Il suo status di indipendenza è sancito dal Trattato Ue e deve essere rispettato. Se giustamente i Governi non possono dare istruzioni all’Istituto, si deve ritenere che neppure questi possa impartire direttive, in modo diretto o indiretto, o porre condizioni del tipo “ aut-aut” ai Governi e ai Parlamenti che sono indipendenti al pari e ancor più della Bce traendo diretta legittimazione democratica dal suffragio popolare. Del resto, la critica, correttamente svolta, è fondamentale per una sintesi più avanzata, nell’interesse di entrambe le parti. Si può dire che tra Banca centrale e Governi esista una “discordia concors”, mezzi diversi, strade differenti, passaggi critici ma in vista dell’obiettivo comune, quello della corrispondenza agli interessi generali. I vecchi Governatori della Banca d’Italia rispondevano alle critiche con argomentazioni, dati, scritti, misure specifiche.
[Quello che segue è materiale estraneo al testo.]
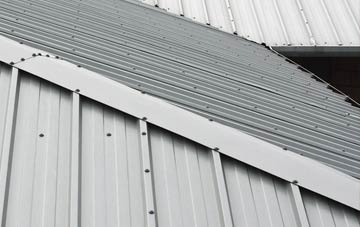 disadvantages of Gamlingay Great Heath metal roofing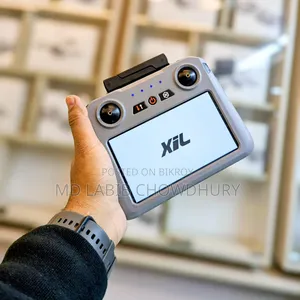 Xil 017 Drone 10km Range With 3 Axis Gimbal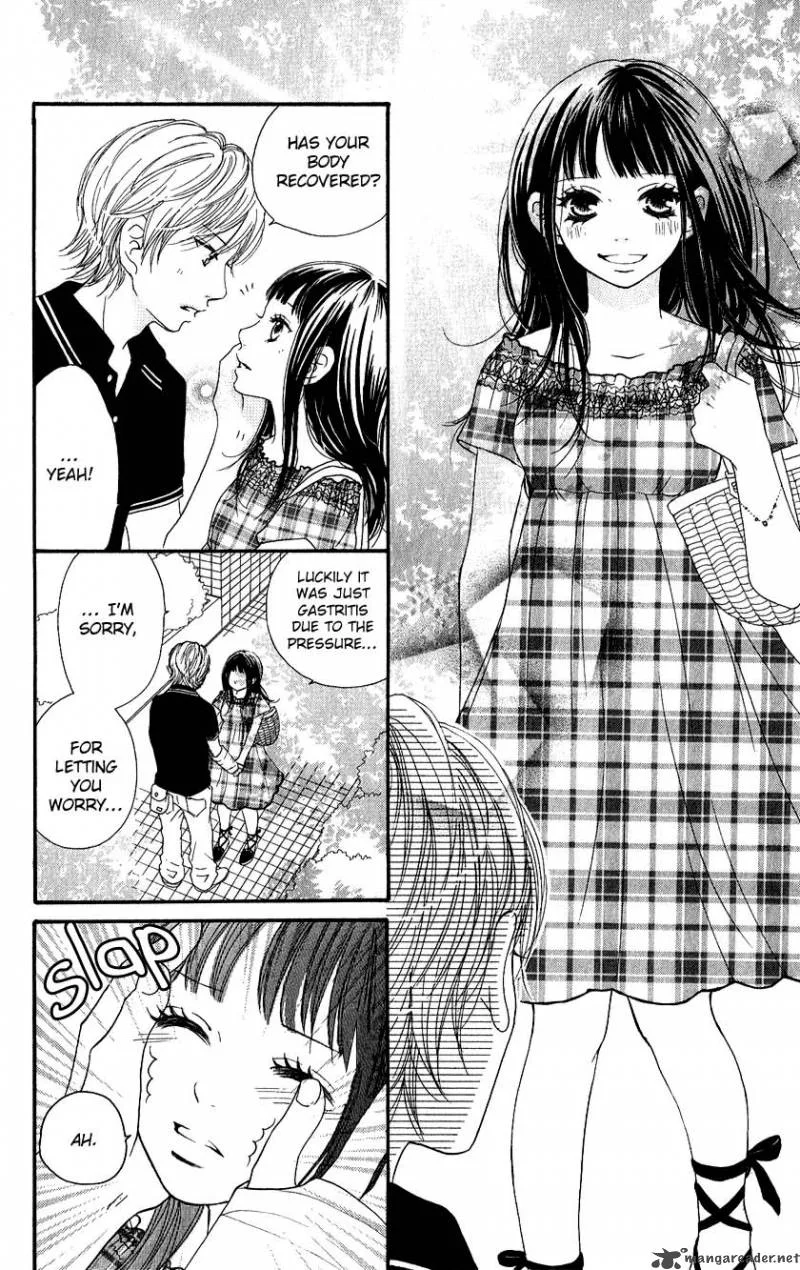 Tobenai Tori Chapter 3 page 31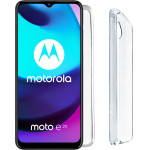 Volte-Tel ���� Motorola Moto E20 6.5'' Slimcolor Air Tpu Camera Guard ������� - (5205308324994)
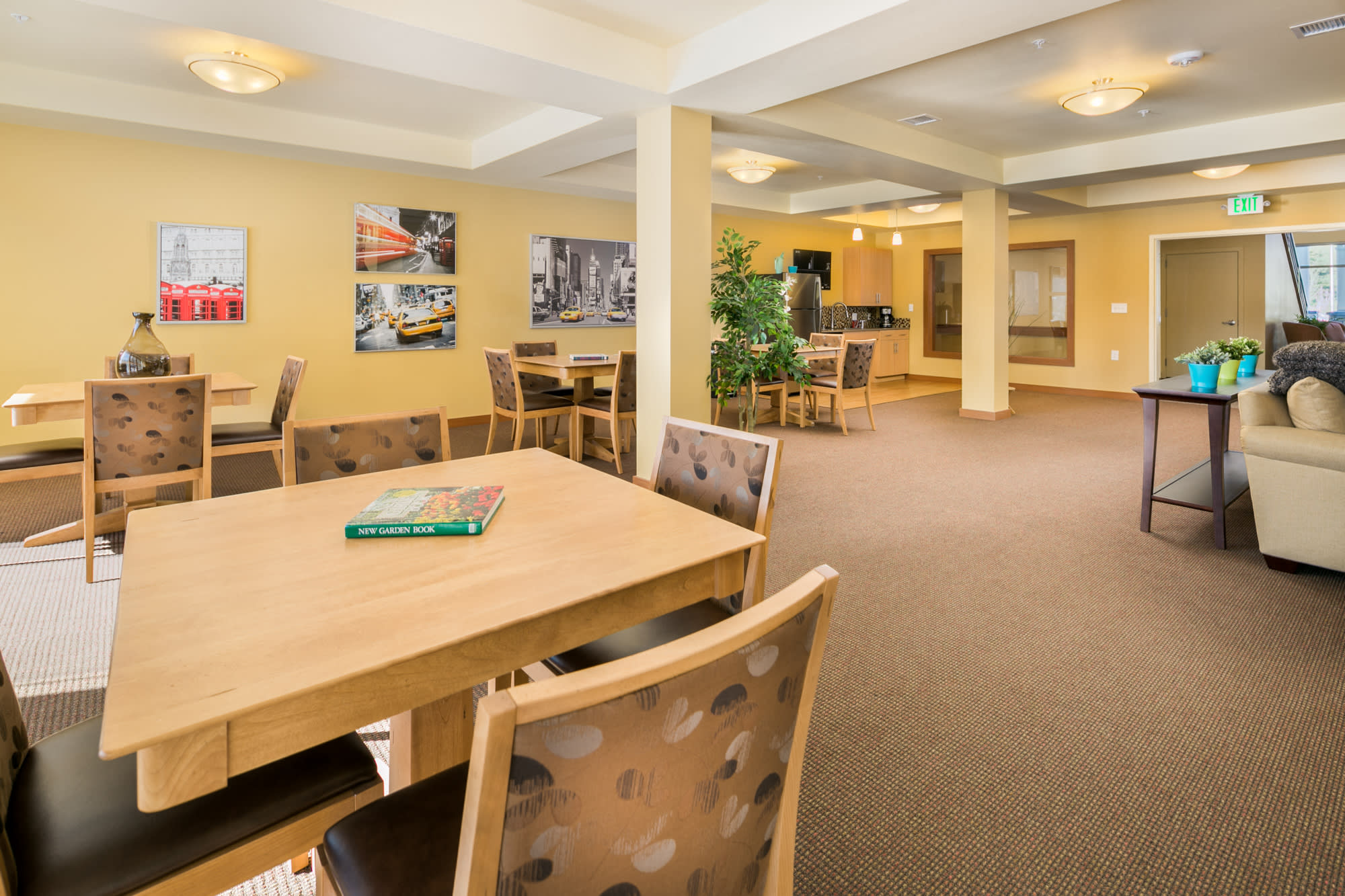 Estates at Hillside Gardens Affordable Senior Housing – photo 5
Non passava per la loro mente gridare al lupo, in presenza di osservazioni critiche sul loro operato. Ricordo le risposte di Antonio Fazio ad attacchi che per la loro portata erano di gran lunga superiori a quelli che oggi si sono registrati nei confronti della Bce e le risposte date, puntuali, inattaccabili, a volte rese in audizioni parlamentari fino a comunicati che, in diverse occasioni, stroncavano in forma pacata, “sine ira ac studio” ma facendo parlare i numeri e la logica, le critiche avventate e prive di fondamento di qualche Ministro. Sostenere oggi, come fa un personaggio autorevole, che la Bce, pur eventualmente orientata ad assumere una decisione, poi non la prenderebbe più perché criticata da settori politici che vorrebbero la medesima decisione e, quindi, per non dare mostra di una subalternità ai richiami, significa delineare un Istituto centrale dispettoso o incapace di sostenere le proprie ragioni, cosa che non corrisponde al vero.

Allora, si risponda nel merito, si argomenti perché sia non accoglibile o accoglibile una determinata tesi. Anche altre banche centrali subiscono critiche, di tanto in tanto, a cominciare alla Federal Reserve, ma non si registra la discesa in campo di uno stuolo di difensori che, per il loro zelo eccessivo, fanno come quell’avvocato della nota storiella che rischia di perdere la causa. Vi sono confini, come si è detto, “quos ultra citraque nequit consistere rectum”, ma entro di essi la critica non può affatto fare scandalo.